**Provided material:**
========================================
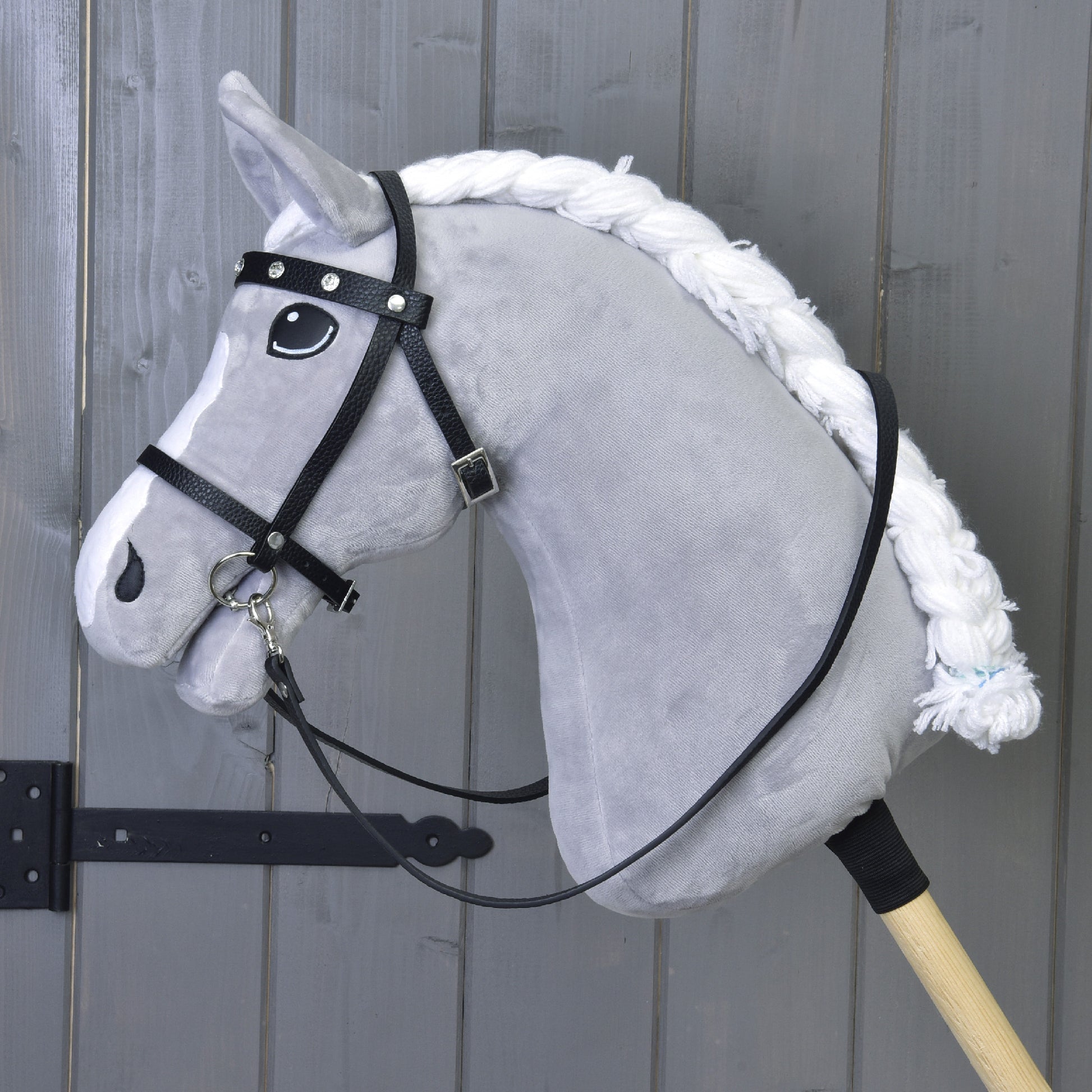 Complete black bridle with diamonds
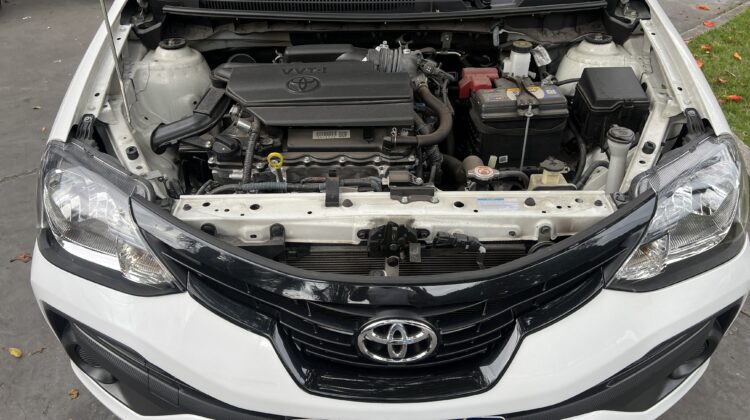 Etios X-Plus 1.5 Automático 2020/2021 Branco Flex Completo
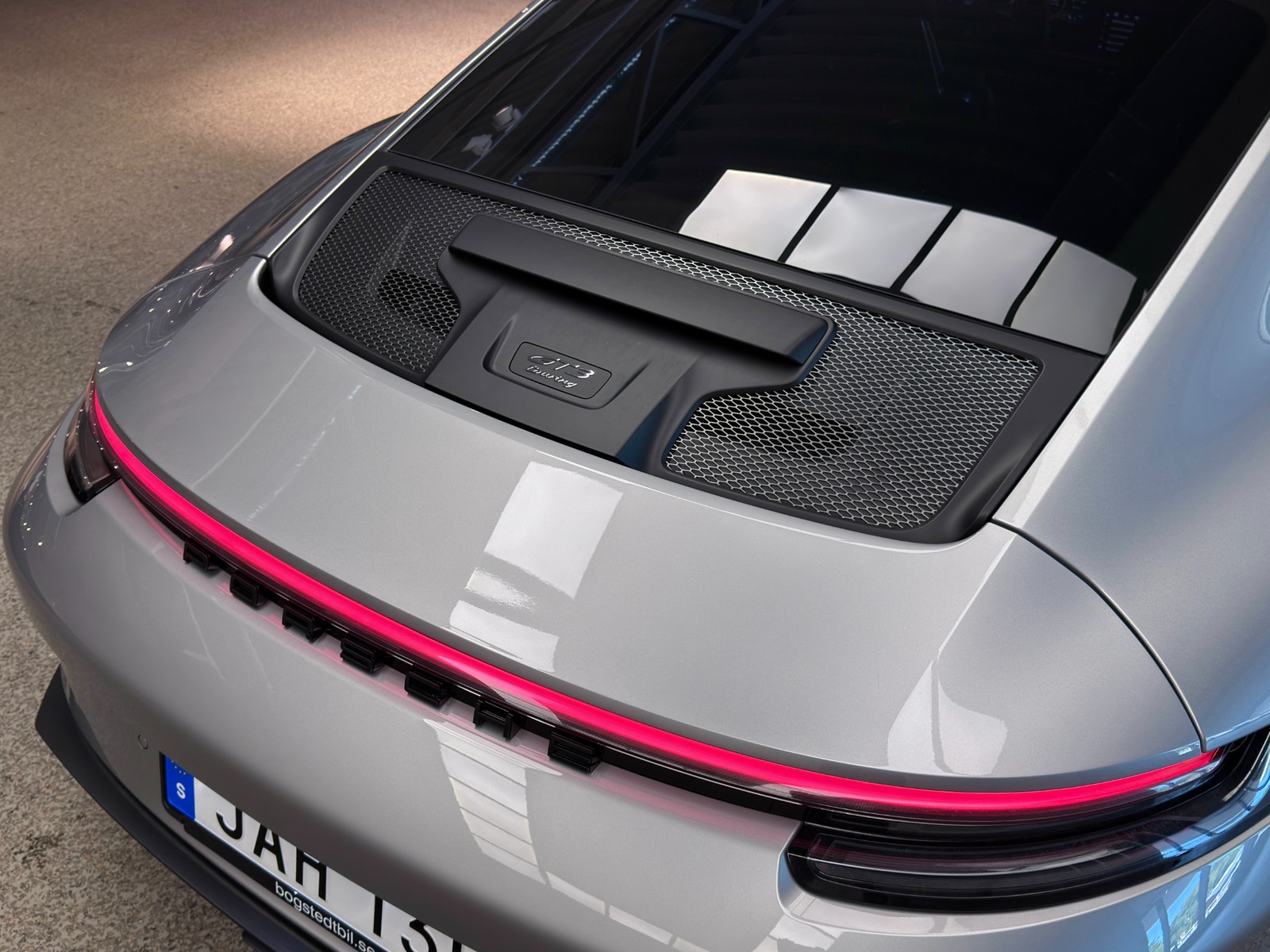 Porsche 911 GT3 Touring 992 PDK 510hk | Skalstolar | Kolfibertak 2023 - miniatyr 8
========================================
**Action item:** Reproduce, exactly and with no pictures, the lines from the line containing "Etios X-Plus 1.5" through the closing line of the data above, keeping both ends.

**Exercise answer:**
 Etios X-Plus 1.5 Automático 2020/2021 Branco Flex Completo
 Porsche 911 GT3 Touring 992 PDK 510hk | Skalstolar | Kolfibertak 2023 - miniatyr 8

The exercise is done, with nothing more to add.